Gold futures fluctuated within a relatively narrow range during today’s US session following the decline of the US Dollar Index after US released important economic data and looking forward to the announcement of the US President Donald Trump to reveal his candidate to head the Federal Reserve.

At 02:56 p.m. GMT gold futures for 16 December delivery rose 0.09% to $1.278.40 an ounce, compared to the opening price at $1.277.30 an ounce, while US Dollar Index declined 0.10% to 94.72 compared to opening at 94.81.

At the same time the first reading of  Employment Cost Index was released which indicated a robust growth rate of 0.5%, in line with expectations, compared to Q2 of 0.2%, nonfarm productivity rose to 3.0% in Q3, compared to 1.5% in Q3, surpassing expectations of 2.5%.
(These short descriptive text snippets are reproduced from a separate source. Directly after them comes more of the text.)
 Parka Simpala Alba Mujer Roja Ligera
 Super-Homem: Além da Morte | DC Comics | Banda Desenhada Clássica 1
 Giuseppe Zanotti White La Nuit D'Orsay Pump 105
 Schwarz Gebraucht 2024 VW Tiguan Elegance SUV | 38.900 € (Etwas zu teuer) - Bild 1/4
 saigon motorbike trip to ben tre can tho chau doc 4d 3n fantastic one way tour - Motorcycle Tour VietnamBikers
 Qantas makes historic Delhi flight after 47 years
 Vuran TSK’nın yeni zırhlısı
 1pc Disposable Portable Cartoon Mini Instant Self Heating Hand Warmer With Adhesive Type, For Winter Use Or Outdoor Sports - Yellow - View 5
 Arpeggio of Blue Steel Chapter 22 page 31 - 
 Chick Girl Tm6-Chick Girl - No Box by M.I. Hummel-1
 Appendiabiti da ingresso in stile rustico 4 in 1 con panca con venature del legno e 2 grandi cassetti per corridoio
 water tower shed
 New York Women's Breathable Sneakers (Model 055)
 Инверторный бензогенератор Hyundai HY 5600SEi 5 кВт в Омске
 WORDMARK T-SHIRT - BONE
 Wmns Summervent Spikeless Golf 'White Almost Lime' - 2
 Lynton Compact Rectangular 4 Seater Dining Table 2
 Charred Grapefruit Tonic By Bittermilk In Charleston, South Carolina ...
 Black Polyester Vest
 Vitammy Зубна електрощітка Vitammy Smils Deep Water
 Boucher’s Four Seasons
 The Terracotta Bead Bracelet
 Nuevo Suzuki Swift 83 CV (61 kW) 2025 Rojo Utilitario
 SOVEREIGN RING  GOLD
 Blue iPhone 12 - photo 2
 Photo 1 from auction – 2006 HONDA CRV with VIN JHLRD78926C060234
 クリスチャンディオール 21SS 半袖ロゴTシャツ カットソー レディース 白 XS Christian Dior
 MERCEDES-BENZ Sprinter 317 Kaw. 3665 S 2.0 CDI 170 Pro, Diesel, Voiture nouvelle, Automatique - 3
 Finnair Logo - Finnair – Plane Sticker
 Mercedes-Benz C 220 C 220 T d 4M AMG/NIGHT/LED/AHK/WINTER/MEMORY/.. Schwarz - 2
Following the release of change in nonfarm payrolls which revealed a surprise acceleration in job creation, as about 235 thousand jobs were added last September and the official report of nonfarm payrolls for October is expected to disclose adding about 311 thousand jobs, US unemployment rate is expected to held steady at its lowest since March 2001 at 4.2%, also US weekly jobless claims declined 5000 claims to 229 thousand, compared to expectations of about 235 thousand.

Now markets focus on Trump’s official announcement of his candidate to head US Federal Reserve, as well as investors are await the statements of the FOMC member and the president of Federal Reserve Bank of New York William Dudley.

It should be noted that the Federal Reserve concluded its last meeting held at the end of October and early November in Washington leaving the US interest rates between 1.00% and 1.25% for the third meeting in a row and emphasizing the need to move forward with tightening monetary policy gradually over the upcoming period.

Furthermore FOMC members commended the robust growth and the increase of US job growth, while reduced the concerns over the negative impact of hurricanes that hit the United States recently, supporting the expectations of raising short-term interest rates for the third time this year to 1.25% and 1.50% at its next meeting in December.